## [Information shown]
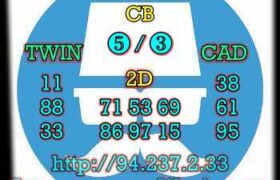 prediksi hk 15 mei 2023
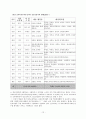 학교사회복지에 대한 통합적 접근에 관한 연구 12페이지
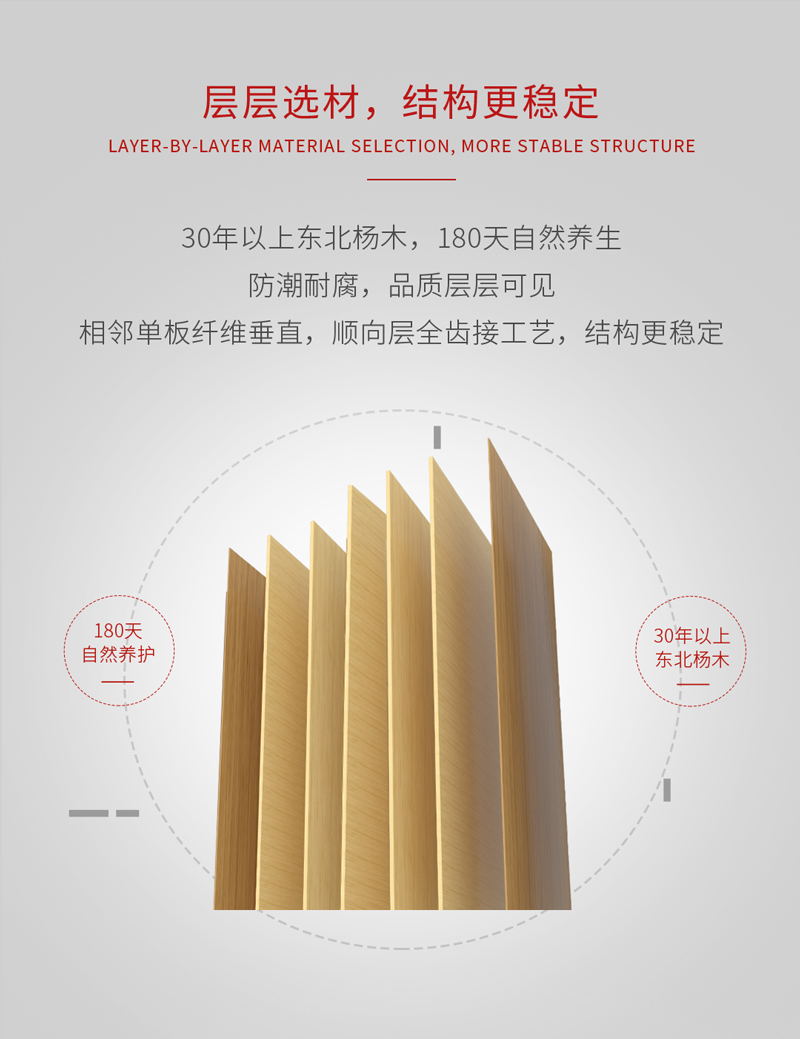 c7c7娱乐平台官网入口阻燃板结构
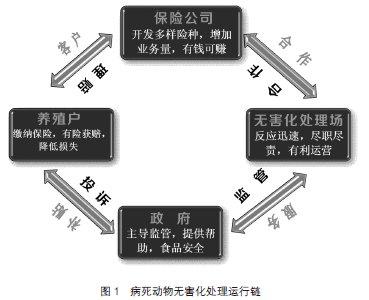 萬(wàn)盛源生物控股.jpg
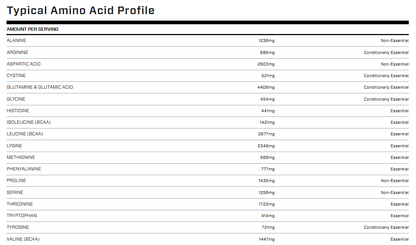 🥇 Proteína Aislada (Isolate) Hidrolizada Dymatize ISO100 – Sabor Chocolate (1,34 lbs / 20 servicios)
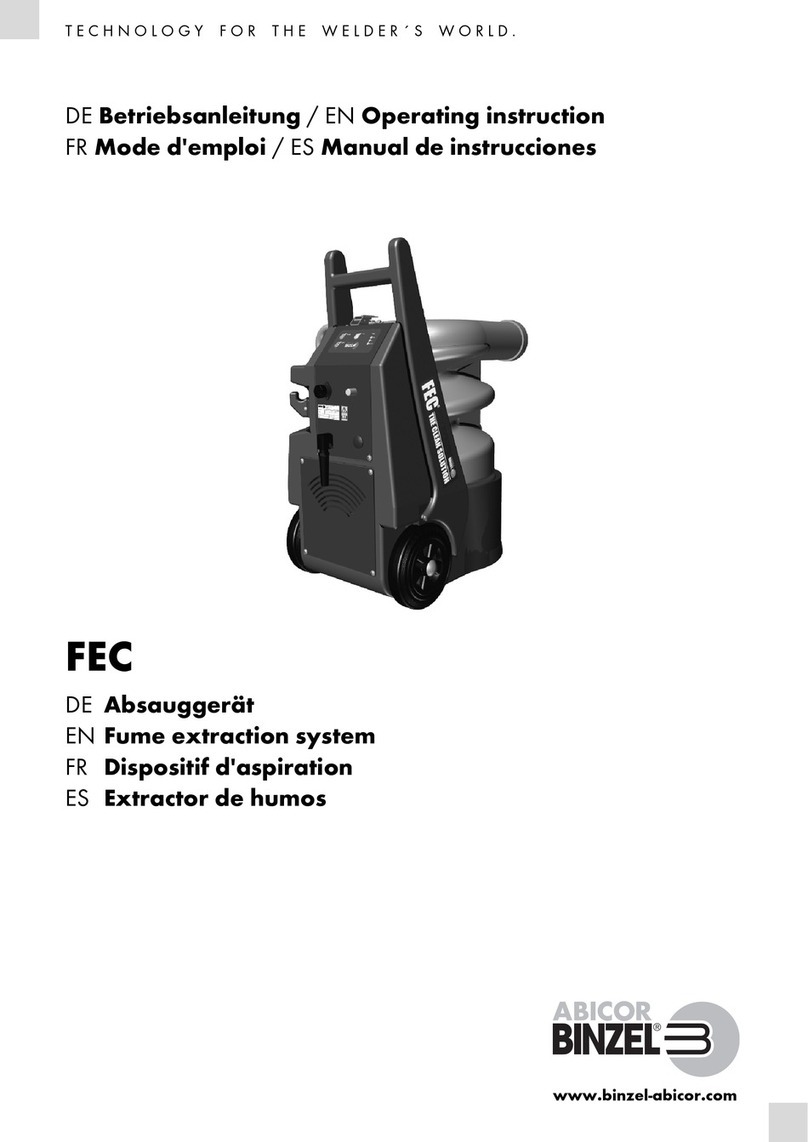 Abicor Binzel FEC operating instructions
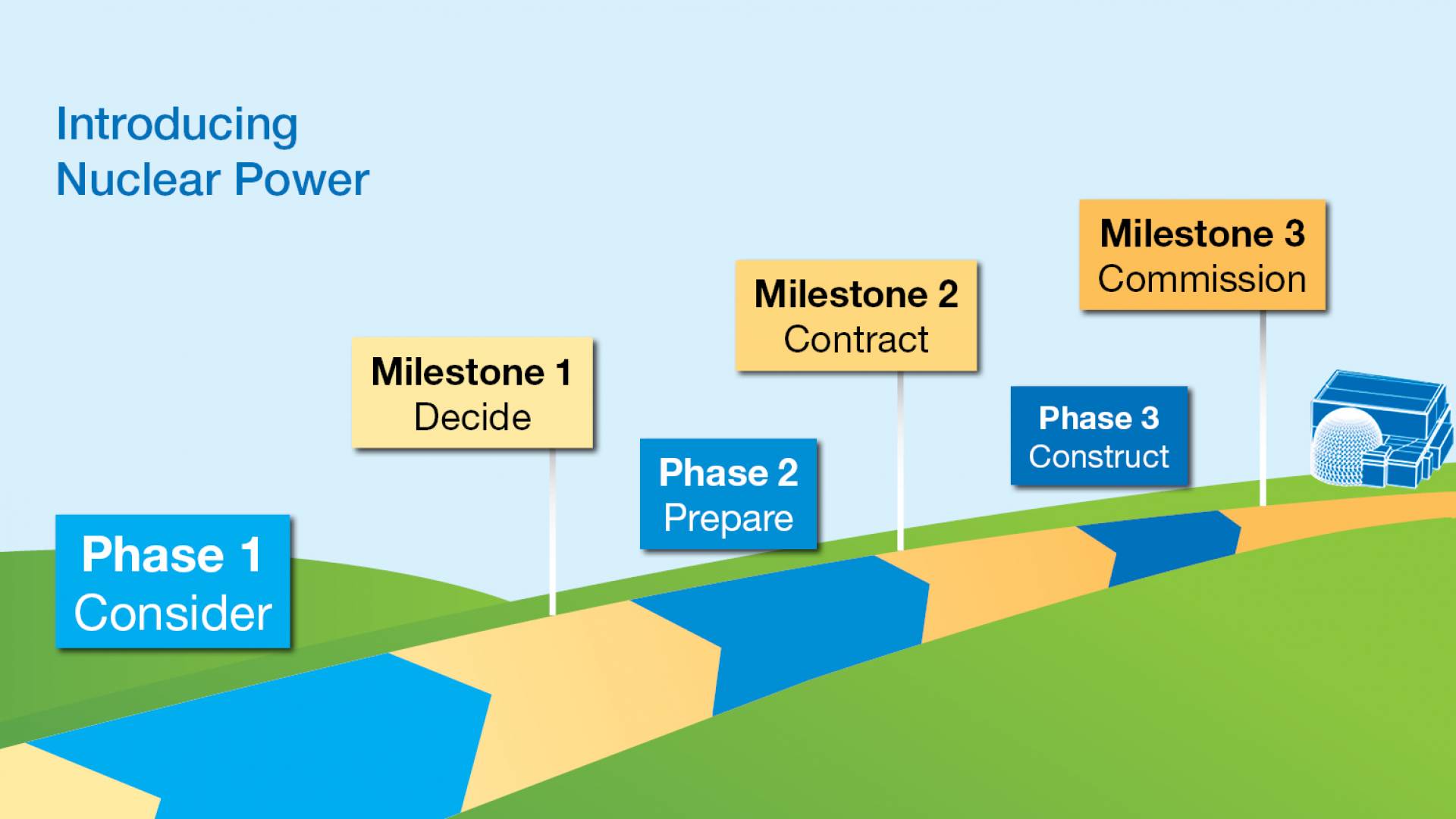 Siting And Site Evaluation For Nuclear Power Plants In Focus - 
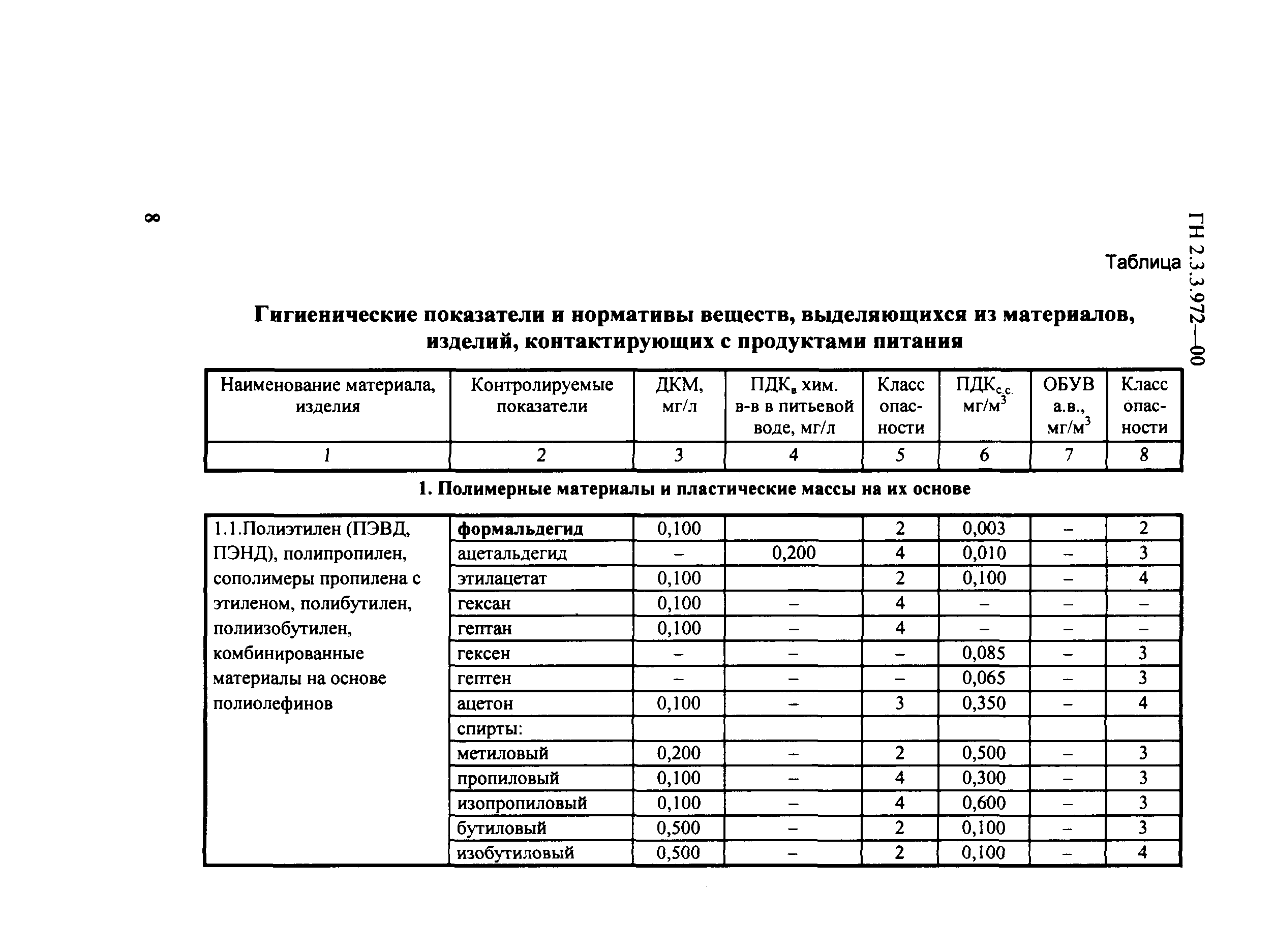 ГН 2.3.3.972-00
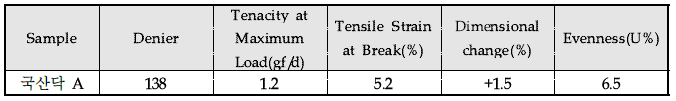 국산닥 한지사의 기초물성 테스트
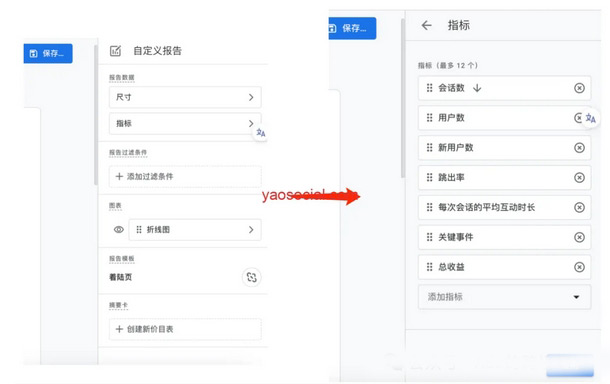 一文讀懂GA4分析功能詳解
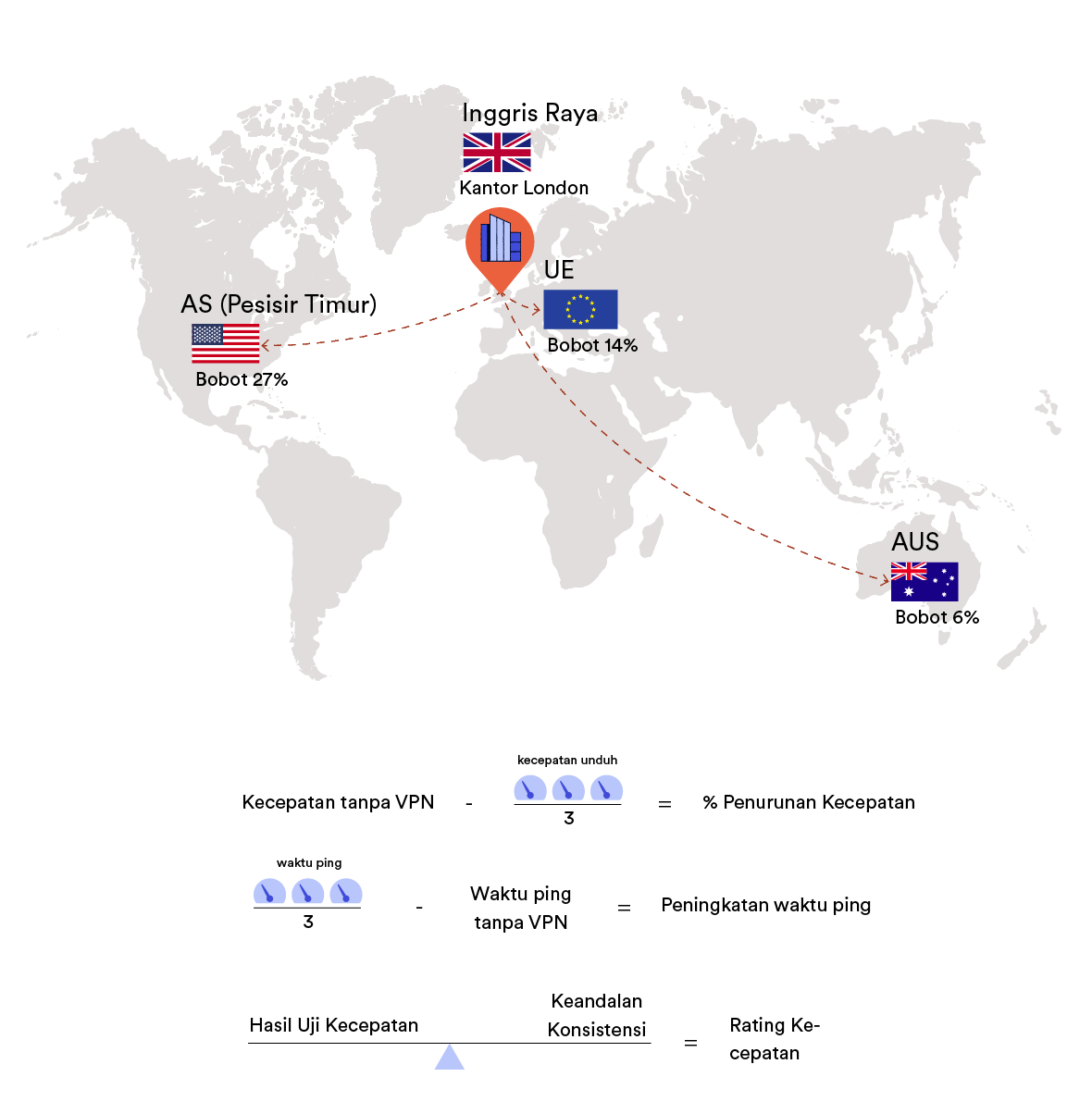 Peta dunia yang menunjukkan lima lokasi tempat kami menguji kecepatan VPN dari dan ke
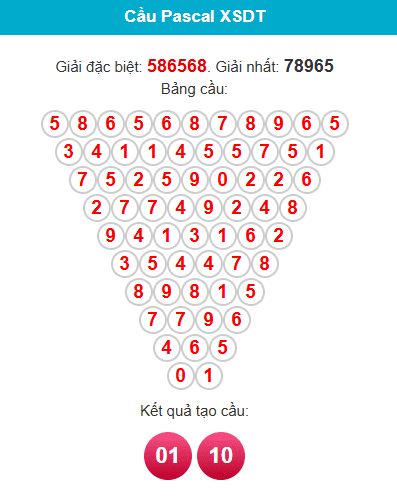 pascal-dong-thap-ngay-02-03 pascal-dong-thap-ngay-02-03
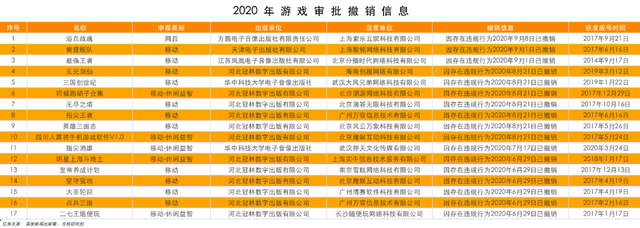 硬核联盟苹果商店受到挑战；亚马逊入场云游戏开启“三国杀”丨游戏产业周报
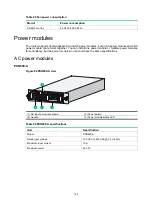 Предварительный просмотр 113 страницы H3C SR6616 Installation Manual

## [Try it]
Quote everything in the listing above exactly; pictures are the only thing to omit.

## [Expected answer]
 prediksi hk 15 mei 2023
 학교사회복지에 대한 통합적 접근에 관한 연구 12페이지
 c7c7娱乐平台官网入口阻燃板结构
 萬(wàn)盛源生物控股.jpg
 🥇 Proteína Aislada (Isolate) Hidrolizada Dymatize ISO100 – Sabor Chocolate (1,34 lbs / 20 servicios)
 Abicor Binzel FEC operating instructions
 Siting And Site Evaluation For Nuclear Power Plants In Focus - 
 ГН 2.3.3.972-00
 국산닥 한지사의 기초물성 테스트
 一文讀懂GA4分析功能詳解
 Peta dunia yang menunjukkan lima lokasi tempat kami menguji kecepatan VPN dari dan ke
 pascal-dong-thap-ngay-02-03 pascal-dong-thap-ngay-02-03
 硬核联盟苹果商店受到挑战；亚马逊入场云游戏开启“三国杀”丨游戏产业周报
 Предварительный просмотр 113 страницы H3C SR6616 Installation Manual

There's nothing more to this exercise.